[Dataset records]
################

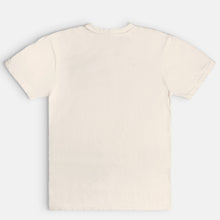 Load image into Gallery viewer, Roaming Unisex Tee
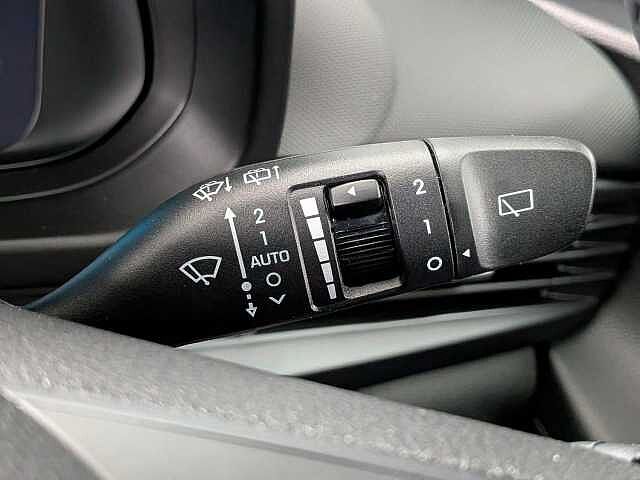 Hyundai i20 1.0 T-GDi Premium DCT Euro 6 (s/s) 5dr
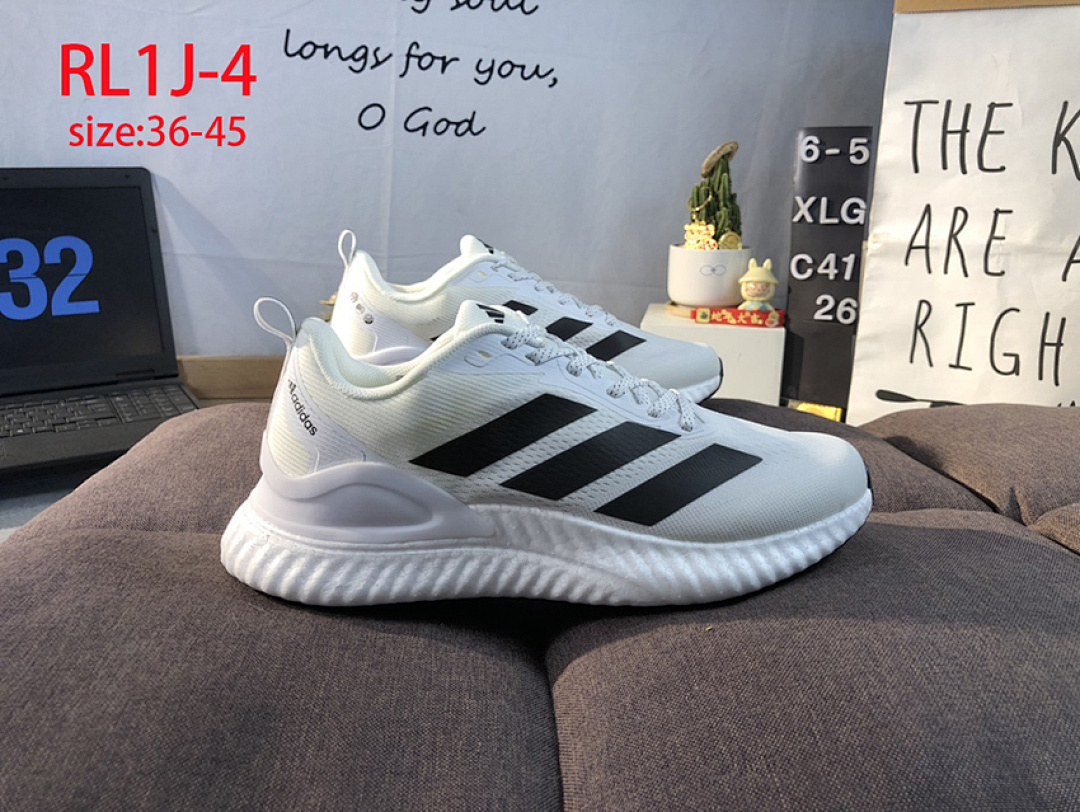 Adidas Switch FWD · RL1J — תמונה 6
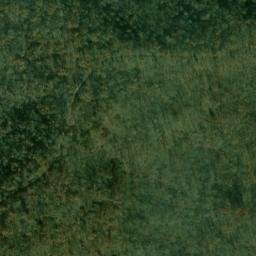 Satellite imagery of Chism Ridge, US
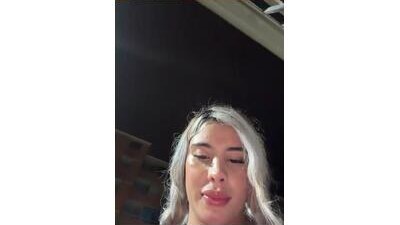YouCandiSumisa public webcam profile photo 10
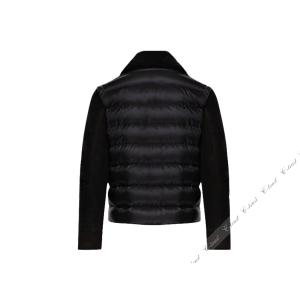 I456-2.. MONCLER モンクレール...の詳細画像2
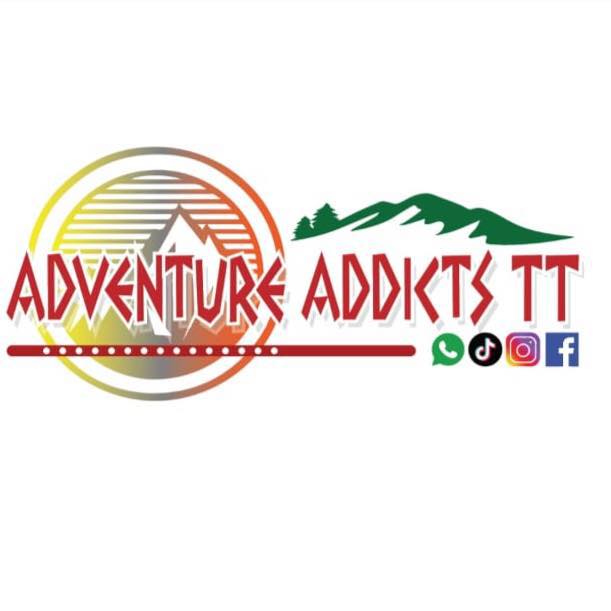 Adventure Addicts TT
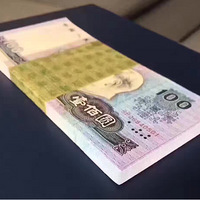 ���췢����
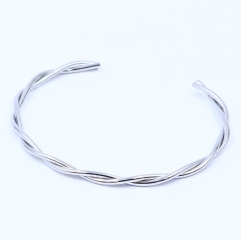 Stainless steel jewelry bracelet wholesale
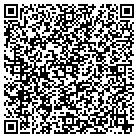 QR code with Victorian Angels Garden contacts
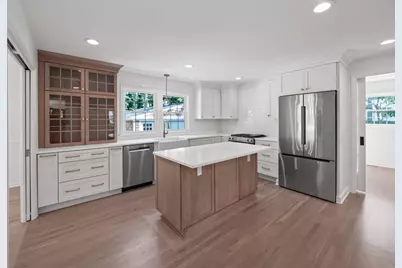 650 W Lincoln Street, Birmingham, MI 48009 - Photo 11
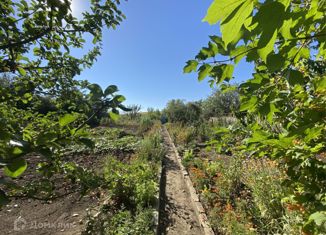 Продам земельный участок, 8.38 сот., Ставрополь, микрорайон № 22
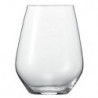 Box of 4 White Wine Glasses "Authentis" Casual 02 | Spiegelau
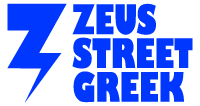 Zeus
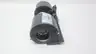 NVENT 30-4019-01M CENTRIFUGAL BLOWER 115V-AC thumbnail 2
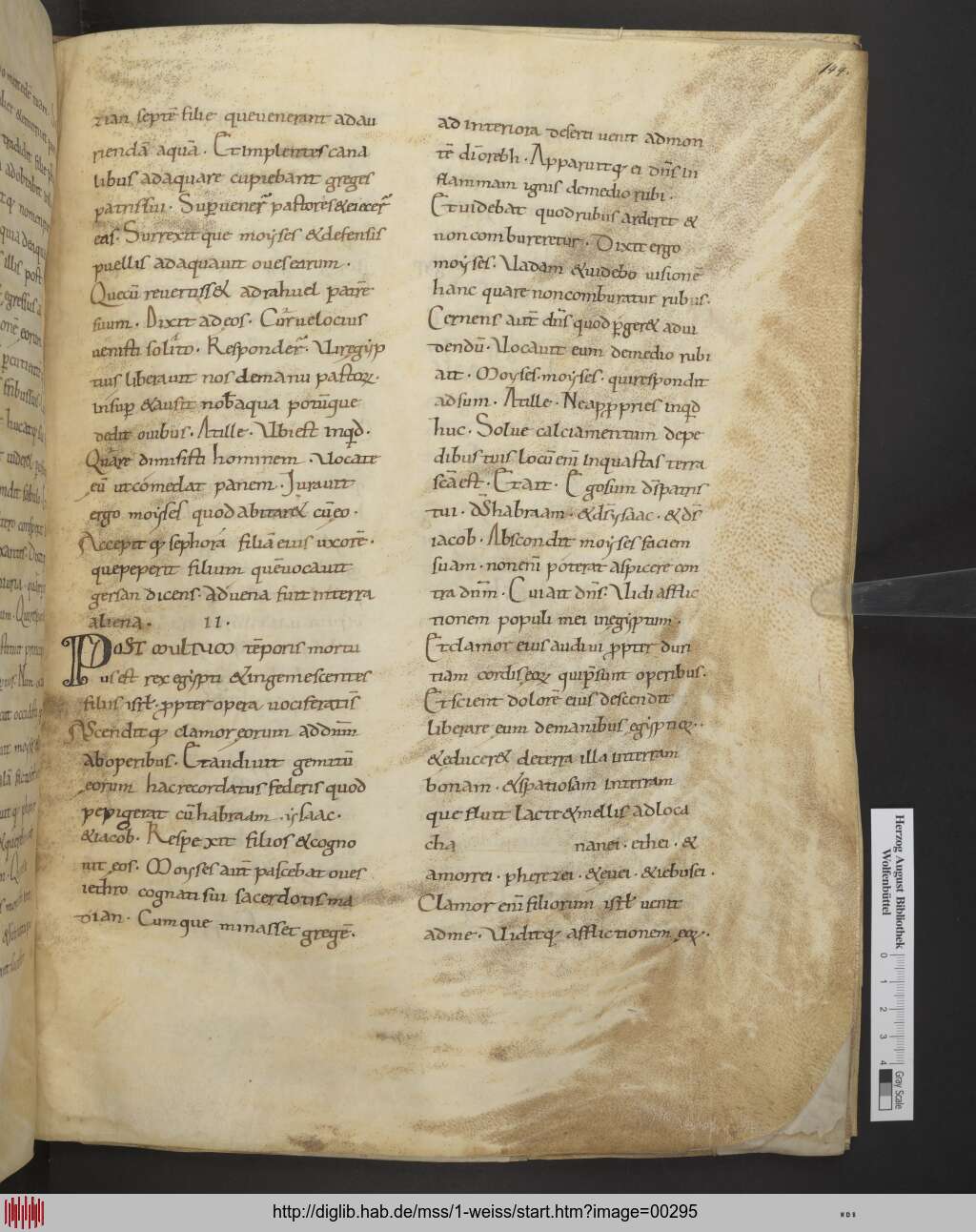 http://diglib.hab.de/mss/1-weiss/00295.jpg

################

Problem requirements:
Skip every image and output the remaining records exactly.

Finished exercise:
 Load image into Gallery viewer, Roaming Unisex Tee
 Hyundai i20 1.0 T-GDi Premium DCT Euro 6 (s/s) 5dr
 Adidas Switch FWD · RL1J — תמונה 6
 Satellite imagery of Chism Ridge, US
YouCandiSumisa public webcam profile photo 10
 I456-2.. MONCLER モンクレール...の詳細画像2
 Adventure Addicts TT
 ���췢����
 Stainless steel jewelry bracelet wholesale
 QR code with Victorian Angels Garden contacts
 650 W Lincoln Street, Birmingham, MI 48009 - Photo 11
 Продам земельный участок, 8.38 сот., Ставрополь, микрорайон № 22
 Box of 4 White Wine Glasses "Authentis" Casual 02 | Spiegelau
 Zeus
 NVENT 30-4019-01M CENTRIFUGAL BLOWER 115V-AC thumbnail 2
 http://diglib.hab.de/mss/1-weiss/00295.jpg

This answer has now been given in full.